Le rapport fait état de deux mécanismes clés – qui découlent de la Loi sur la protection des renseignements personnels et les documents électroniques (LPRPDE) – pour améliorer le contrôle exercé par les individus sur leur réputation en ligne, soit le déréférencement et l’effacement à la source.
Le déréférencement est le processus par lequel une page Web, une image ou une autre ressource en ligne est supprimée des résultats présentés par un moteur de recherche lorsque l’utilisateur a entré le nom d’une personne comme terme de recherche. L’effacement à la source consiste à supprimer le contenu sur Internet.
En ce qui a trait au déréférencement, le Commissariat estime que la LPRPDE s’applique au référencement du contenu en ligne et à l’affichage des résultats de recherche par les moteurs de recherche. Par conséquent, les moteurs de recherche sont tenus de respecter les obligations leur incombant en vertu de la Loi.
Ils doivent notamment permettre aux individus de contester le caractère exact, à jour et complet des résultats d’une recherche lancée au moyen de leur nom. Il faudrait évaluer ces contestations au cas par cas et décider s’il y a lieu de supprimer des liens en prenant en compte le droit à la liberté d’expression et l’intérêt public au regard de l’accessibilité des renseignements en question. On trouvera dans le rapport des détails, des critères et des analyses supplémentaires.
Si une personne conteste avec succès les résultats d’une recherche pour un motif susmentionné, il faudrait les déréférencer.

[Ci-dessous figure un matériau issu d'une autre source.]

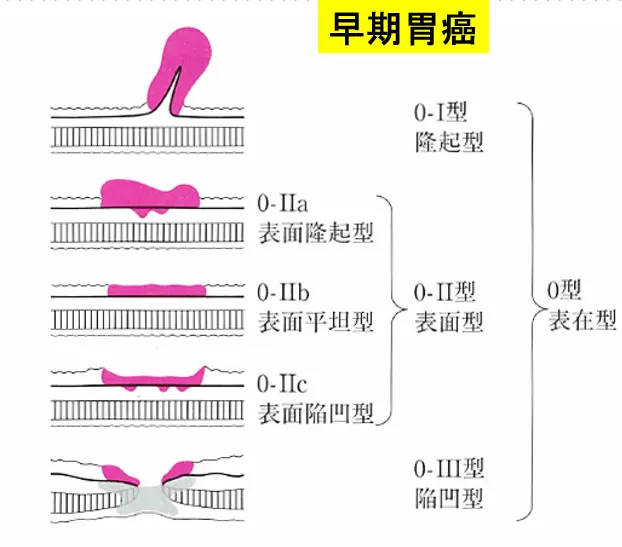 胃がんの肉眼形態分類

Toutefois, dans certaines situations, des solutions de remplacement – par exemple rétrograder un résultat dans le classement ou signaler qu’il est inexact ou incomplet – pourraient être suffisantes.
Pour ce qui est de l’effacement à la source, la LPRPDE accorde aux individus le droit de retirer leur consentement et exige que les renseignements personnels dont on n’a plus besoin soient détruits, effacés ou dépersonnalisés. Conjointement, ces deux principes supposent qu’une personne devrait pouvoir effacer les renseignements qu’elle a elle-même affichés en ligne.

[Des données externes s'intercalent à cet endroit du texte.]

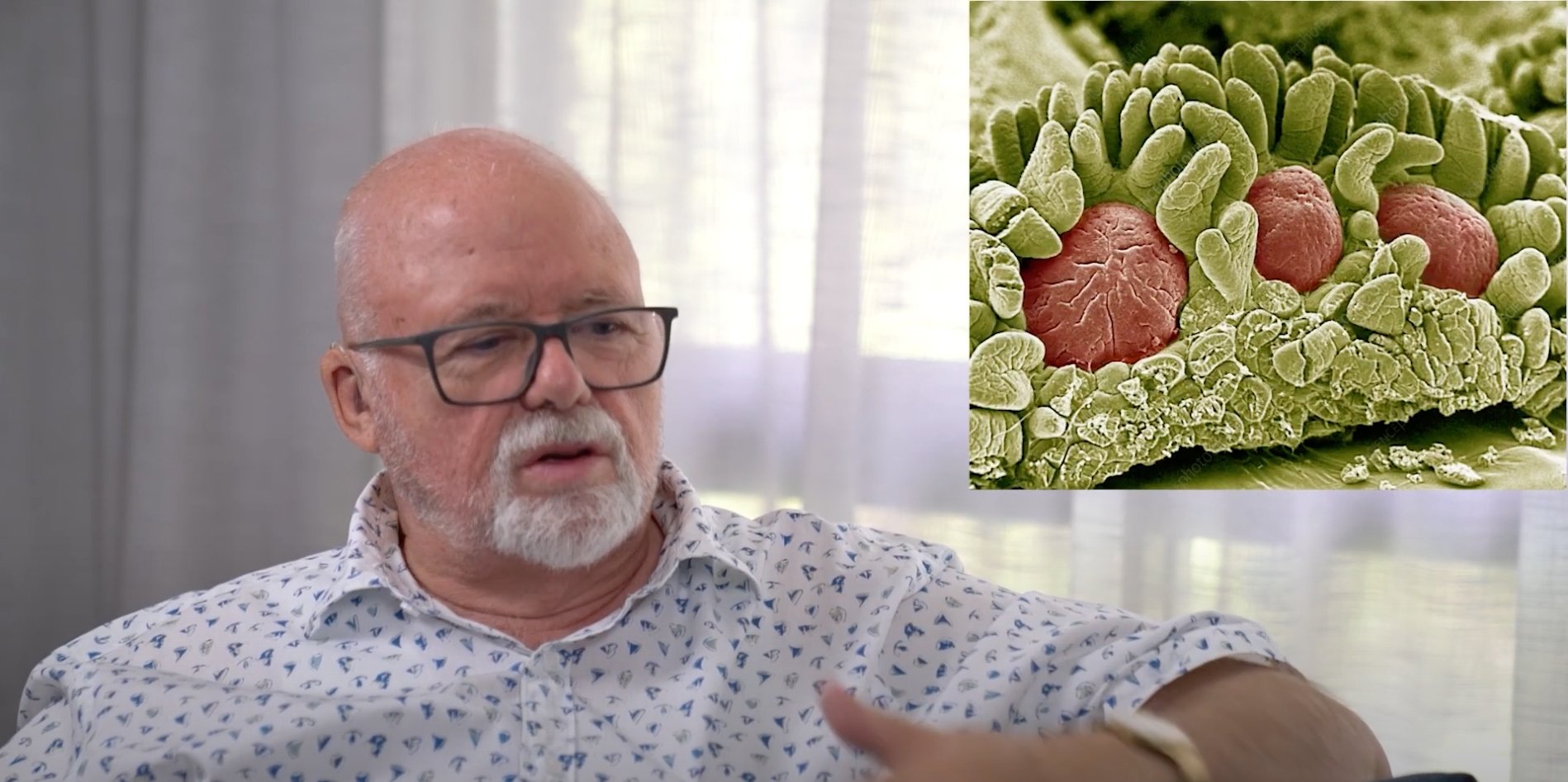 Inflammation of the gut...What we know so far!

Lorsque les renseignements personnels en question ont été affichés par d’autres, l’intéressé n’a pas un droit absolu de les retirer. Néanmoins, tout comme dans le cas du déréférencement, il devrait pouvoir utiliser un mécanisme permettant de contester le caractère exact, à jour et complet des renseignements et, lorsqu’il est établi que la contestation est justifiée, on devrait pouvoir les faire corriger, effacer ou étoffer comme il se doit.
Dans les deux cas de figure susmentionnés, s’il est impossible de régler un problème avec un site Web ou un moteur de recherche, les individus peuvent déposer une plainte officielle auprès du Commissariat.
Dans l’ensemble, le pouvoir de demander le déréférencement de résultats de recherche ou l’effacement de renseignements à la source est, dans certaines situations, similaire au « droit à l’effacement (‘‘droit à l’oubli’’) » prévu par le Règlement général sur la protection des données (RGPD) de l’Union européenne. Toutefois, le rapport ne constitue pas l’adoption au Canada d’un cadre européen. Il s’agit plutôt d’une interprétation des lois canadiennes actuelles et des recours qu’elles prévoient concernant la réputation en ligne.
Il est important de prendre des mesures en ce qui a trait au déréférencement – étant donné qu’il y a un risque d’atteinte à la réputation et que les solutions proposées par le Commissariat sont, à son avis, équilibrées et réalisables. Toutefois, le rapport recommande aussi que le Parlement examine cet enjeu. Les élus devraient confirmer le juste équilibre entre la protection de la vie privée et la liberté d’expression dans notre société démocratique.
Éducation
Le rapport souligne aussi l’importance de l’éducation dans le domaine de la protection de la vie privée.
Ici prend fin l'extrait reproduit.